◆ **Aim of the exercise**
Every line that contains "Recovery" must be located and copied from the data.

◆ **Supplied information**
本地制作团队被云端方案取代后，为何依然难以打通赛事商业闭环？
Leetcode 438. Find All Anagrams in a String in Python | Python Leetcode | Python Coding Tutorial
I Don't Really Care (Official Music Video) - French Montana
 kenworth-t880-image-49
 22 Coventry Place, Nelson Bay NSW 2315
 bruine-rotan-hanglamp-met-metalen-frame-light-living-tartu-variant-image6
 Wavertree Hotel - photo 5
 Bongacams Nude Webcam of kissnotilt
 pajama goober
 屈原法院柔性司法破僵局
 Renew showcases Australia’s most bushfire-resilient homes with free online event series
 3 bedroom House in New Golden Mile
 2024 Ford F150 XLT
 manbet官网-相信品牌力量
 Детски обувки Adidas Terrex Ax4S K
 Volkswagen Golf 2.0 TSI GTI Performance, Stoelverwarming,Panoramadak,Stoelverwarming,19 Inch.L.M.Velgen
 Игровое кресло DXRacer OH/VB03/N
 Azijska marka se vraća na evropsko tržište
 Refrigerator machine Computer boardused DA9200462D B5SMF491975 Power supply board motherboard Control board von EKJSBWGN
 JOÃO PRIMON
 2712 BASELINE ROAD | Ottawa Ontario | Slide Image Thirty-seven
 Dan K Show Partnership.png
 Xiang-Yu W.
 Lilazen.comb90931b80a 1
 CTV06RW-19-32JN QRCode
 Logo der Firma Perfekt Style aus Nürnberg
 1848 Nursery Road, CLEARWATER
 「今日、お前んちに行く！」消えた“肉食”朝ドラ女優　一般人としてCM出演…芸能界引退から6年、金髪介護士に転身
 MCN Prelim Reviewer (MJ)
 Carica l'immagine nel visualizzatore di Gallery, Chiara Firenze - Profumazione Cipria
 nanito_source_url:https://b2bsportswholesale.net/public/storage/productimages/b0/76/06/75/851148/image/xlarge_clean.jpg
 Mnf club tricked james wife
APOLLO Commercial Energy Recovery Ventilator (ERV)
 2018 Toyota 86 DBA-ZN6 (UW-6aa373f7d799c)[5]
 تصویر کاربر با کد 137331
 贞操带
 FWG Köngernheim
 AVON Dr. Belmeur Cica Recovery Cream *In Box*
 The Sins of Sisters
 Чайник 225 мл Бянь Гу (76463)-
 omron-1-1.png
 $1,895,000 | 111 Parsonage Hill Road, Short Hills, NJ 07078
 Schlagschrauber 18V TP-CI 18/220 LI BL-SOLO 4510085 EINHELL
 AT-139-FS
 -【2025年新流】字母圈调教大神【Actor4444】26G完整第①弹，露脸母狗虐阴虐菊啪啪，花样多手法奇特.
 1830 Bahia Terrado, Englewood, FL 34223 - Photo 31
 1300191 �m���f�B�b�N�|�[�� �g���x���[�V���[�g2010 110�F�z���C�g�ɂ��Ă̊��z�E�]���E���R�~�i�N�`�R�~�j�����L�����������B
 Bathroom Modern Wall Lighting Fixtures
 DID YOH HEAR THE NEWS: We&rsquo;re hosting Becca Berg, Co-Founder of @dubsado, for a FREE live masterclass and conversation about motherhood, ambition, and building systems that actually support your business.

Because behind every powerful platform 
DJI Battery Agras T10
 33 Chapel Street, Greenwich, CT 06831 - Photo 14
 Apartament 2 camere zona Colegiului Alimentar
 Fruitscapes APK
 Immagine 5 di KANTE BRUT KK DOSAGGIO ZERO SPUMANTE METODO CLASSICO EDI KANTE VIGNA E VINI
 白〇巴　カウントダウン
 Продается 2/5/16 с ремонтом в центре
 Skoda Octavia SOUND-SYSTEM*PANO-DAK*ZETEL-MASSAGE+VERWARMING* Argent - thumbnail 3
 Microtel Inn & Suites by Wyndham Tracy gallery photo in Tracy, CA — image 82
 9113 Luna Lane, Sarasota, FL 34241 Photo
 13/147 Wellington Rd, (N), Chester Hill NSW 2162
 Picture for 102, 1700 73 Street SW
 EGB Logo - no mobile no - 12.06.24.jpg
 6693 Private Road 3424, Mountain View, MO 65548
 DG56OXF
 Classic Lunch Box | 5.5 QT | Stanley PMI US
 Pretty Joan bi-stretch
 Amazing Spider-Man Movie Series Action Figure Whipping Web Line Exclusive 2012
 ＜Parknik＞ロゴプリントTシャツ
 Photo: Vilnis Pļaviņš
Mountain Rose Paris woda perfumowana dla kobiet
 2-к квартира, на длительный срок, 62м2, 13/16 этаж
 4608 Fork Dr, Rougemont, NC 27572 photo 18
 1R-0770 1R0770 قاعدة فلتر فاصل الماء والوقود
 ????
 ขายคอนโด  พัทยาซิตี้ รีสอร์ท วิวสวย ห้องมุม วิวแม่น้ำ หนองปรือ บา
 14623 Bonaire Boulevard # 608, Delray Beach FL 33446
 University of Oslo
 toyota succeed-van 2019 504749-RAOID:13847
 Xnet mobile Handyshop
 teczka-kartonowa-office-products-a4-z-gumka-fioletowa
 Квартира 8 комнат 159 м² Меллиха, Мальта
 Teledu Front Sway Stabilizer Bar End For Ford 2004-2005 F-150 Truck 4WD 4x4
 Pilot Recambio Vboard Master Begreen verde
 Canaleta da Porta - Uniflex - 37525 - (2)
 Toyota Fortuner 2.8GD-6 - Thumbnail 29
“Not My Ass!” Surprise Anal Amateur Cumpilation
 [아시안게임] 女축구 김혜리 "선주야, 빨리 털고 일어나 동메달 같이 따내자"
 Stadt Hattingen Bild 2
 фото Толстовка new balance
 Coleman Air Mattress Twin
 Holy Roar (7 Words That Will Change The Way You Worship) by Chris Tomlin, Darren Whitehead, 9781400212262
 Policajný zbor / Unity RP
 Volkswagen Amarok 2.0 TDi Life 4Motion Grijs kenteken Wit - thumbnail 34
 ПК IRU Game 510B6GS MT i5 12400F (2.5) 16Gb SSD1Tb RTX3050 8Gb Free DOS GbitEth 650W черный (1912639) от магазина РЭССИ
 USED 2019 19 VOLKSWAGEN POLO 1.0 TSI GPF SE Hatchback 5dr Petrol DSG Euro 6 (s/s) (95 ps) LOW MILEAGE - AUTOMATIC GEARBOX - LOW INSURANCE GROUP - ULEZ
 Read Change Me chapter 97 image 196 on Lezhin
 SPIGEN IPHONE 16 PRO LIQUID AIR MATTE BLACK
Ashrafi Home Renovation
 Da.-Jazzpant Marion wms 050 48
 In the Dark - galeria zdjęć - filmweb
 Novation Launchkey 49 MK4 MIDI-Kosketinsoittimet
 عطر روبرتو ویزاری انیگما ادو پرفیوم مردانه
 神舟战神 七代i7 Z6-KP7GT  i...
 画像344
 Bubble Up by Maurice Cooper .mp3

◆ **Response to this task**
APOLLO Commercial Energy Recovery Ventilator (ERV)
 AVON Dr. Belmeur Cica Recovery Cream *In Box*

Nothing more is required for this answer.